Because the four representations may have to be distinguished at run time, a tag must be supplied. The tags should be in packet-data pointers. However, because packet data are handled by hardware in NPs, the data representation and handling methods in the case of a high-level language must be very carefully designed and implemented. If the address space is sufficiently large, a part of the address can be used for a tag. This representation is close to widely used methods for dynamically-typed languages, such as Python or Lisp.
4.2. Packet Operations and Four Representations
Because there are four packet-data representations and each packet data has a tag, packet operations must be implemented for all these representations, and sometimes run-time tag check is required.
4.2.1. Run-Time Tag Check
Because there are multiple representations in Packet type, they must be distinguished dynamically (by the run-time routines in the NP) or statically (by the Phonepl compiler). In terms of efficiency, it is better for the representation to be statically distinguished. However, it is impossible to distinguish every representation of a packet statically, so run-time tag-check is, at least sometimes, necessary. Especially, if a non-optimizing compiler is used, tag check is always necessary at run time. Such a run-time check causes overhead, but it does not usually prevent wire-rate processing because the tags are in cached pointers and a tag can be added and removed with very small cost.
4.2.2. Packet I/O
Some NP hardware creates a descriptor when receiving a packet. The descriptor is in SRAM, and whole packet data may be stored in DRAM. The input packet format, thus, is close to mixed representation (or cached representation in the case of a short packet); however, a tag must be added when run-time tag-check is required. The run-time routine should thus decide which representation is to be used and insert the tag value.
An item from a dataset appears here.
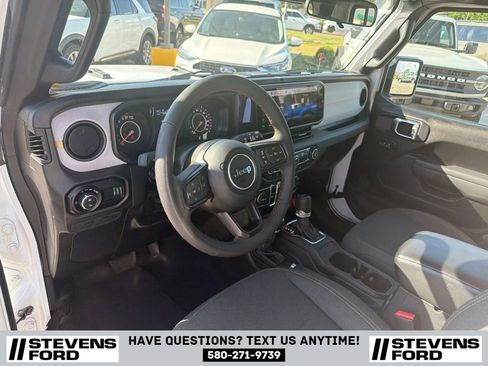 Used 2025 Jeep Gladiator Sport AWD/4WD image 17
This means that the language processor must fill the gap (i.e., convert) between data representations in the hardware and in Phonepl. If the gap is wide, significant CPU time is required to fill it, and performance may decrease. An appropriate representation design is therefore important.
An output packet format must be prepared for some NPs when sending a packet. One of the four representations should be close to the output format; however, the tag must be removed before passing the data to the packet output hardware. For example, the output format may be close to gathered representation, but the tag value “gathered” must be cleared. The hardware concatenates the fragments pointed to by the gathered representation and outputs the result.
Each representation requires different implementations of an operation to achieve a subpacket operation. In all the cases described below, the operations are executed using data stored in SRAM, and DRAM is not accessed.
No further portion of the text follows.